### TASK DETAILS
Below is a listing to write out in full, exactly as given, without its pictures.

[[ DATA BELOW, beginning ]]

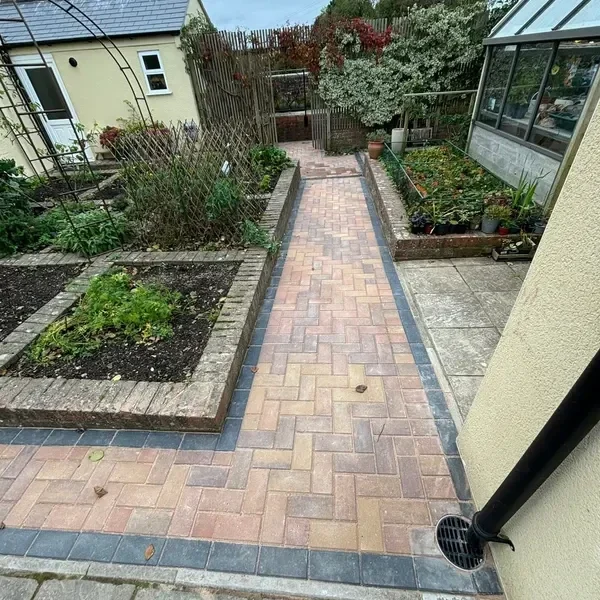 Block paved garden path between raised beds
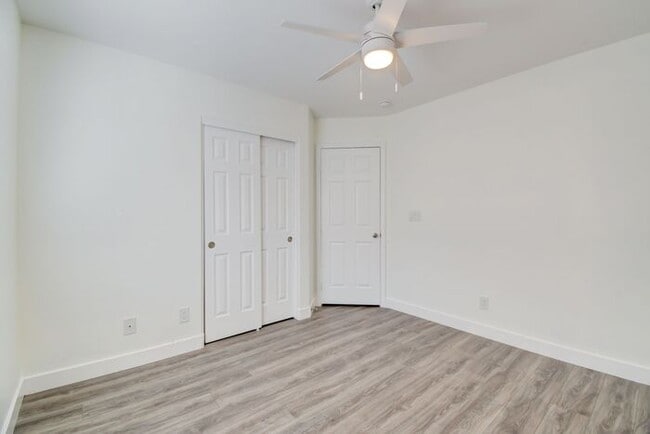 Building Photo - Great home with 4 bedrooms, 2.5 baths. New Floors Paint and Countertops.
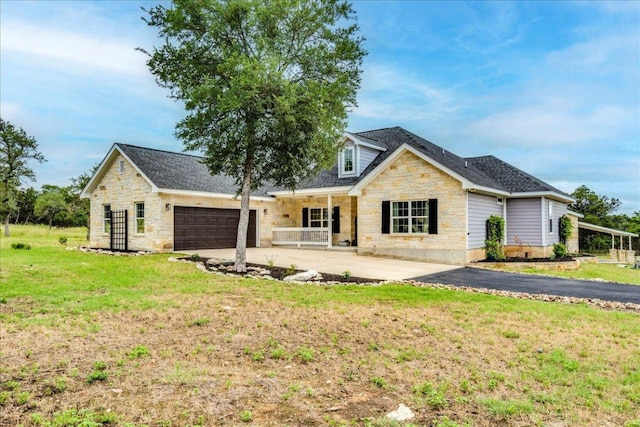 1033 Castleway Rd, New Braunfels, TX 78132 - view of front of property with stone siding, driveway, a garage, and a front yard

[[ DATA BELOW, end ]]

### RESULT FOR THIS TASK
 Block paved garden path between raised beds
 Building Photo - Great home with 4 bedrooms, 2.5 baths. New Floors Paint and Countertops.
 1033 Castleway Rd, New Braunfels, TX 78132 - view of front of property with stone siding, driveway, a garage, and a front yard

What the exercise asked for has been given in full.